Je me trouve dans la pièce commune de la maison où loge le groupe de bénévoles que j'ai rejoint à Ishinomaki, dénommé
It's not just mud. La pièce est vide, depuis presqu'une heure. Les autres se sont retirés dans leurs quartiers. Cette réalité contraste avec ce qui prévalait hier, alors que nous étions une bonne douzaine.
Coupez! Coupez! Ce n'est pas bon comme introduction de texte. Il faut plus de mordant, plus d'émotions!
Lundi matin, neuf heures trente. Devant la gare d'Ishinomaki, un homme attend qu'on vienne le cueillir. Les badauds se succèdent, mais personne qui ressemble à un bénévole venu accueillir un confrère, fraîchement arrivé après une nuit mal dormie dans l'autocar de nuit.
L'homme en question, votre narrateur, a plus tôt aperçu un écriteau sur la façade de la gare, indiquant les caractéristiques du séisme du onze mars, en plus de comporter une ligne, à environ un mètre de hauteur, indiquant le niveau maximal atteint par le tsunami à cet endroit. L'océan se trouve à quelques kilomètres.
Mais que peut bien faire mon contact?, l'homme à la barbe de trois jours se demande impatiemment, en jetant une énième fois un coup d'œil agacé à sa montre.
Coupez! Coupez! C'est quoi cette surdramatisation? Le narrateur n'était nullement pressé. Il est venu donner de son temps, pas courir après! Et pourquoi encore relater le tout à la troisième personne? C'est quoi cette manie?
Je dois avouer ici que je ne sais pas trop comment m'y prendre pour décrire mon deuxième séjour de volontariat, d'où le présent récit tarabiscoté.
Simplement écrit, nous nous affairons à rendre habitables les domiciles endommagés, sans pour autant être détruits, par le tsunami.
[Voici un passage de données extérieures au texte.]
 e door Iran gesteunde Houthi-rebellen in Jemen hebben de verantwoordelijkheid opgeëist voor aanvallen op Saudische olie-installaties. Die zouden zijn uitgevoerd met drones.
Cela implique d'arracher les cloisons sèches, la mousse isolante des murs et les plafonds, d'enlever les broches, vis et clous qui les tenaient en place, et au besoin de démonter le plancher pour retirer la boue sous-jacente.
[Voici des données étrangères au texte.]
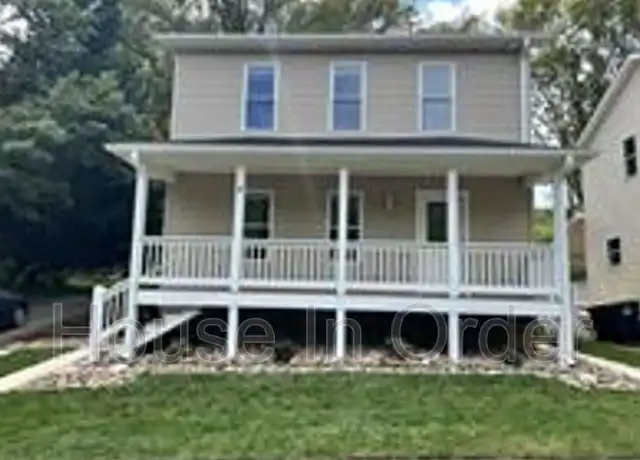Property at 6 4th Street Ext, Asheville, NC, 28804, 2 beds, 2.5 baths, [object Object]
C'est peut-être pour ça que j'éprouve de la difficulté à bien décrire mon expérience : à la base, le bénévolat comme je le fais présentement n'a rien de glorieux. C'est plutôt banal, même.
Mes collègues, en revanche, sont sans exception agréables à côtoyer et l'atmosphère qui règne en est une de camaraderie. Chacun a son histoire à raconter. Il y a notamment Yannick, de France, qui depuis quatre mois fait sa part, énorme; Andrew, le néo-zélandais homme au foyer venu retaper le foyer d'autrui; Horiba-san, venu tout d'abord en aide à titre de membre des Forces japonaises d'autodéfense qui, une fois redevenu civil, a décidé de poursuivre son œuvre; ou encore Anna, une Américaine née et élevée au Japon, revenue après plus de trente ans aux États-Unis, et sur le point d'amorcer l'administration d'un orphelinat local.
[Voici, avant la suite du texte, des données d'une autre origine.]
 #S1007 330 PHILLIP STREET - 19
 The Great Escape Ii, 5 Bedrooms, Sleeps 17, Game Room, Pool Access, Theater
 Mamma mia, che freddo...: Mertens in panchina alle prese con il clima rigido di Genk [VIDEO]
Les habitants de l'endroit, aussi, ont leur histoire à raconter. Qu'il s'agisse de cette homme de soixante-quinze ans qui se réjouit à l'idée de bientôt pouvoir rouvrir sa boutique de saké, fondée il y a quatre-vingt ans par son père; de ces dames âgées débordant de gratitude car nous les avions aidées à déménager; ou du propriétaire du salon de barbier dans lequel nous travaillons depuis deux jours, qui se fait un point d'honneur de nous apporter jus de fruits et collations et ce faisant de nous remercier à profusion; tous vivent avec l'espoir de jours meilleurs.
Ainsi, le bénévolat, glorieux ou non, c'est fondamentalement des humains qui, entre eux, s'entraident. C'est ça qui compte après tout, nonobstant les textes sinueux, dont le présent, à la fin duquel vous arrivez maintenant.